Kıbrıs’ta faşist Yunan darbesinin 40’ıncı yılı nedeniyle İki Toplumlu Radikal Sol İşbirliği yazılı bir açıklama yaptı. Açıklamada, yaşananların tüm sonuçlarının günümüze kadar yansıdığı vurgulanırken, “İki Toplumlu Radikal Sol İşbirliği’nin ana amacı; mücadele ederek, iki toplumlu iki bölgeli Federasyonu ulusal liderliklere kabul ettirecek, işçi sınıfını neoliberalizmin amansız saldırısından koruyacak olan iki toplumlu bir cephe oluşturmaktır” dendi. Açıklama ise şöyle;
“Hükümet darbesinden ve 1974 işgalinden sonra kırk yıl, iki toplum arasındaki kanlı çatışmalardan sonra da elli yıl geçti. Ne yazık ki tüm bunların sonuçları günümüze yansımıştır ve Kıbrıslılar gayrı resmi olan ve gerçek olamayan bir bataklığa derinden batmış bulunmaktadırlar.
Geçen bu süreç içerisinde pek çok şey kaybedildi; bunlardan en önemlisi de toplumlar arasındaki anlaşmazlık ve insanların her bir toplumun sorumluluklarını bir diğerine ve “diğer ana vatana” yükleme eğiliminde olması gibi tarihi olgulara olan bakış açılarıdır.
Tarihsel olgular rollerdeki farklılık ve değişime rağmen halen taze ve gerçekliğini korumakta ve ortak olmaya devam ederken, toplumun tüm birimleri eğitim ve Medya sorumluluğuyla kendi ulusal anlatısında çıkmaza girmiştir. İki toplumun ulusal onay cepheleri güya Kıbrıs sorununa çözüm bulmak için görüştükleri sırada, birlikte varoluşu engelleyen anlaşmalar ve bilinçler yaratıyorlar ve yeniden yaklaşım güçlerinin yendiği karşıt çabaları boykot ediyorlar.
Yüzleşme ve güvencesizlikle geçen şu yarım yüzyılda, toplumlar kendi ulusal güçlerini sergiledi ve gayrımeşrulaştırdı; çünkü bu güçlerin hayalleri ve arzuları, milli yıldönümleri ve şehitlerin mevlitleriyle ilgili boş laflara dönüştü.

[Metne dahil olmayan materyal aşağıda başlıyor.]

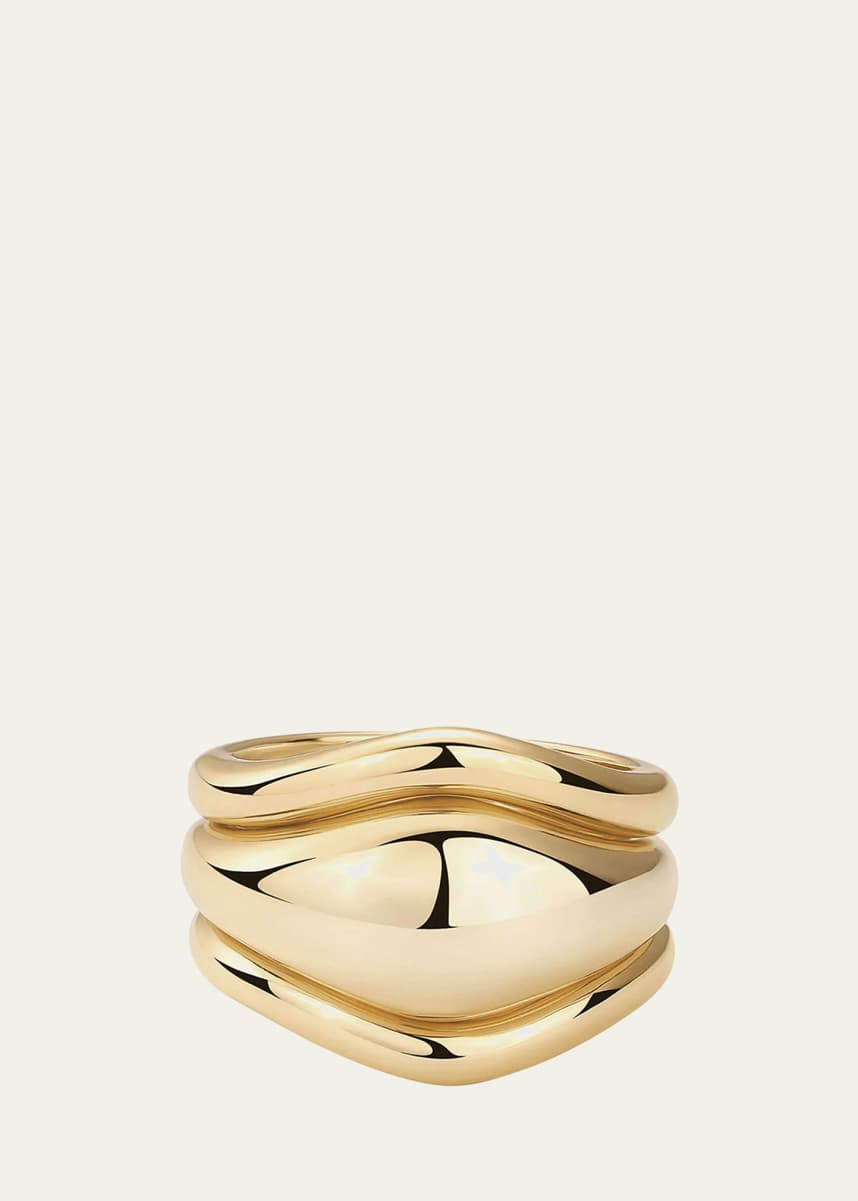 Shashi Delphine Ring Set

Aynı zamanda bu geçen zaman, ya milliyetçi görüşe bir takım savunma siperleri kuran ya da daha olumlu bir çözüm çerçevesi oluşturan sol toplulukların güçsüzlüğünü de ispatlamıştır. 2004 referandumu Kıbrıs sorununda uzun süren çıkmaza rağmen, solcular arasında var olan güven atmosferini neredeyse tamamen ortadan kaldırdı. Sağın güçleri milli yüzleşmeyi ortaya çıkardı. Solun bunu aşması gerekirdi.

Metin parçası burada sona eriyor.